Having Issue with Spacy Train with custom tokenizer component which we used to annotate in prodigy

Bhargavi1144 · January 25, 2024, 5:00pm

nlp.tokenizer.rules = rules
infixes = list(nlp.Defaults.infixes)
infixes.extend([r"-",r"kt",r"mt", r"$", r":", r"\€", r"\£", r"\¥", r"+", r"[", r"]"])
infix_re = spacy.util.compile_infix_regex(infixes)
nlp.tokenizer.infix_finditer = infix_re.finditer
print(nlp.pipe_names)
tok2vec = nlp.add_pipe("tok2vec")
nlp.to_disk("assets/base_model_new")

I have added some special cases in tokenizer and generated a base model to annotate 100mt as 100 and mt in prodigy.
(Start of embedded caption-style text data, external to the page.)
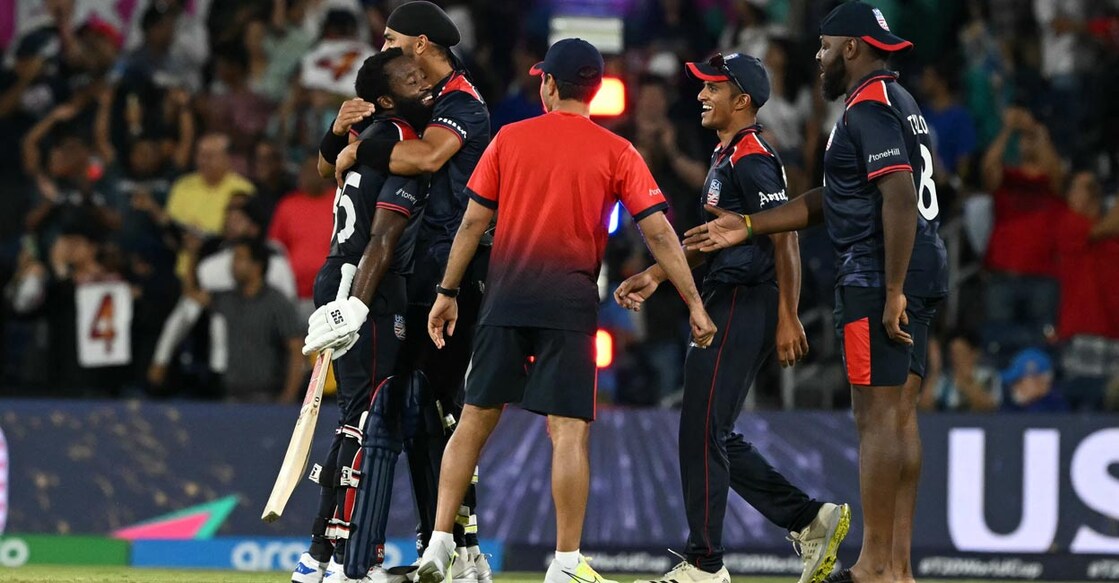 Aaron Jones, left, and teammates celebrate their win. Photo: AFP/Andrew Caballero-Reynolds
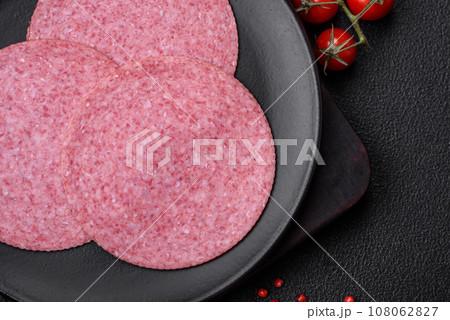 Delicious smoked salami sausage with salt, spices and herbs 108062827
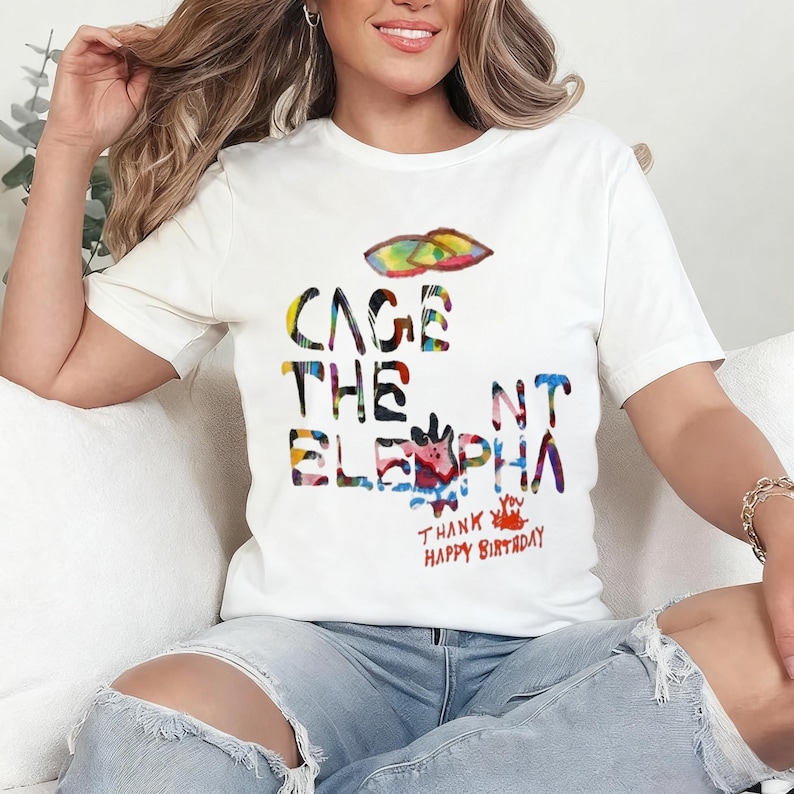 May include: White t-shirt with the text "CAGE THE ELEPHANT" in colorful, watercolor-style lettering. The shirt also features the text "THANK YOU HAPPY BIRTHDAY" in red. A colorful design is above the text.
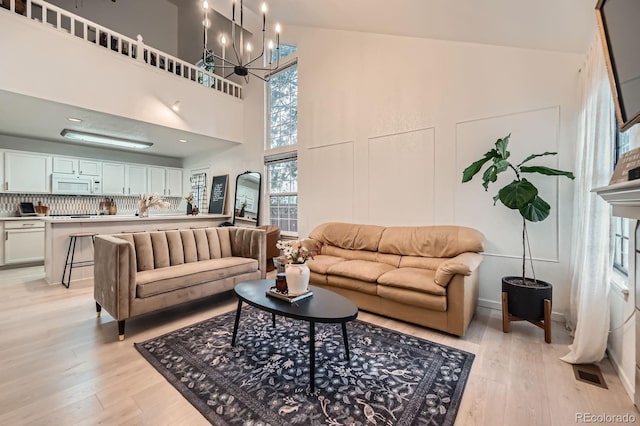 living room featuring a high ceiling, a chandelier, visible vents, and light wood-style floors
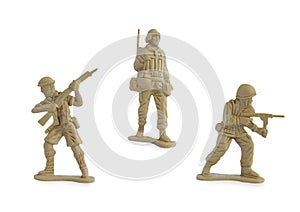 Collection of miniature toy soldiers with guns isolated on white background with clipping path.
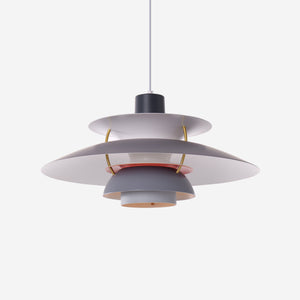 white layered minimalist pendant light over a kitchen island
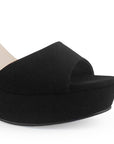 Vista a detalle de zapatilla negra para mujer con diseño abierto pulsera ajustable y tacón de 10cm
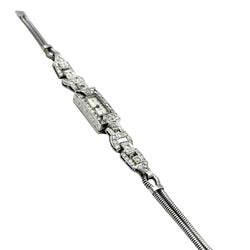 Montre Art-Déco en platine, or et diamants - Castafiore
2.Used data-to-spacy with the base model I have generated above to get the .spacy files

3.At Last Trained the model using spacy train --code command with same custom tokenizer component but the results seems to be not proper.

Can you help me here that am going in a right direction or not?

magdaaniol · January 26, 2024, 3:40pm

Welcome to the forum @Bhargavi1144

What I think is happening is that spaCy was not explicitly instructed to use the custom tokenizer.
Unfortunately, the sourcing of the tokenizer from the base model is not automated (yet) and we need to instruct spaCy where to source the tokenizer from via the config file.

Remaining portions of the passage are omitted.